The intervention follows the release of the latest Intergenerational Report (IGR) that revealed more of the income tax burden would be shouldered by a shrinking proportion of workers to pay for a growing share of older Australians who require aged care and other social assistance.
“As the population ages, the personal income tax base is projected to continue to narrow in line with the projected decline in workforce participation,” the IGR said.
But federal Treasurer Jim Chalmers, who launched the report’s sixth iteration at the National Press Club on Thursday, has ruled out an extensive reform package to Australia’s tax and transfer system.
Instead, Dr Chalmers said the government would focus on pursuing incremental reform in what it called “bite-sized chunks”, including changes to the petroleum resource rent tax, multinational tax avoidance rules and high-balance superannuation accounts.
Speaking on ABC Radio National Breakfast on Friday, Dr Henry said the government needed to be more ambitious if it wanted to avoid damaging Australia’s economic performance and reducing the living standards of young Australian workers as they grow older.
“It’s the young people who are going to be the workers of the future,” Dr Henry said.
“People who are weighed down with HECS debt, who are going to have to repay a mountain of public debt, who are dealing with the consequences of climate change … who are facing diminishing prospects of ever being able to afford a home of their own.
“These poor buggers are also going to be the ones who are facing ever-increasing average rates of income tax.”
As inflation pushes workers’ incomes into higher tax brackets, a great proportion of their pay packets will be subject to a higher tax rate.
The report forecast that the personal income tax receipts will soar to more than 58 per cent of the overall tax take unless “policy change” occurs.
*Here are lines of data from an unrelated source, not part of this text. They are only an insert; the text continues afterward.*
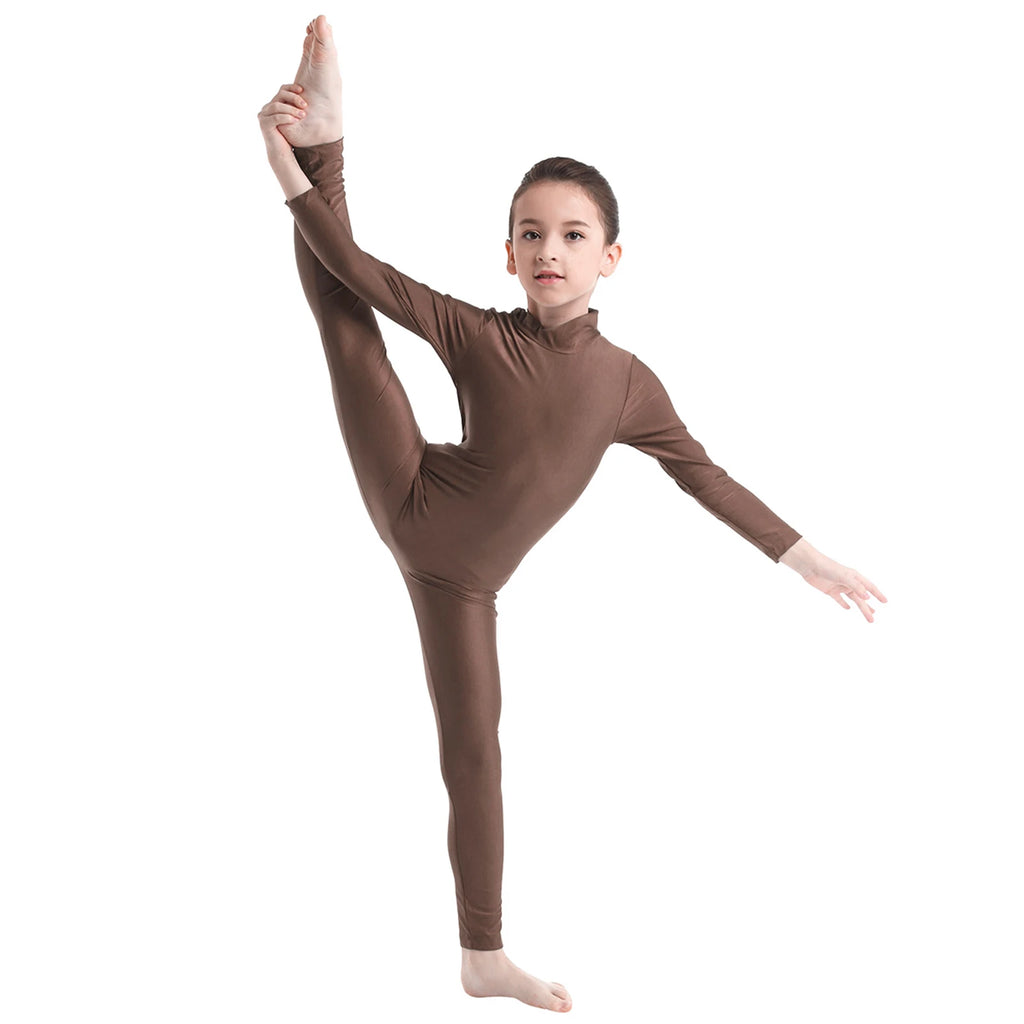 Kids Ballet Skate Dance Wear Girls Gymnastics Bodysuit Long Sleeve Bodysuit Children Jumpsuit Wear Training Performance Wear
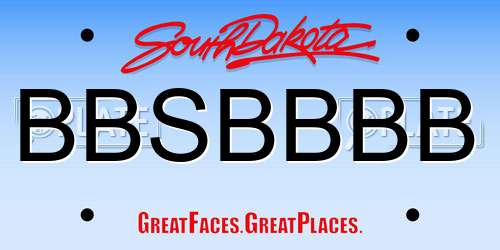 BBSBBBB South Dakota License Plate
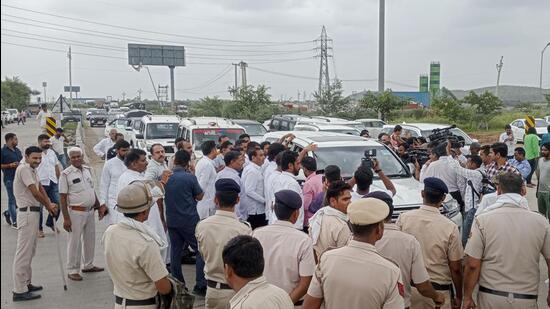 Congress MP Deepender Hooda and other party leaders were stopped on their way to violence-hit areas of Nuh on Tuesday. (PTI)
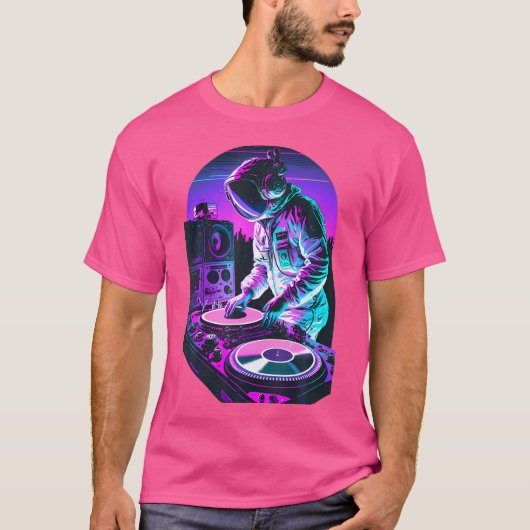 Astronaut DJ Djing im Weltraum EDM Cool Graphic Va T-Shirt (Vorderseite)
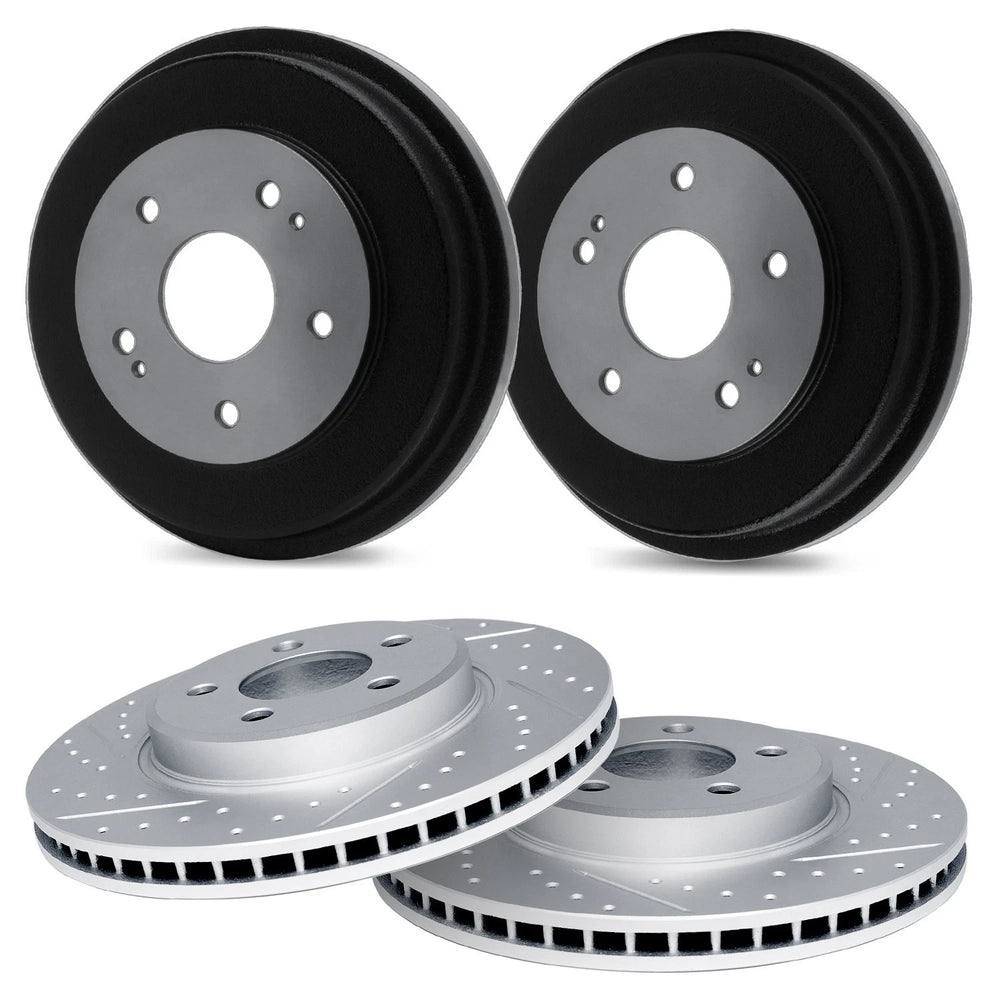 R1 Concepts Brake Rotor- Slotted - Black Fits Volkswagen Bora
Personal income tax receipts are currently worth 50.5 per cent of the overall federal tax base.
Asked earlier on RN Breakfast whether it was fair for young Australians to shoulder a greater tax burden, Dr Chalmers said none of the trends identified in the report were a certainty.
“None of this is preordained, none of this is predetermined and we have choices and governments will have choices over the course of the next 40 years to change course if they want to,” he said.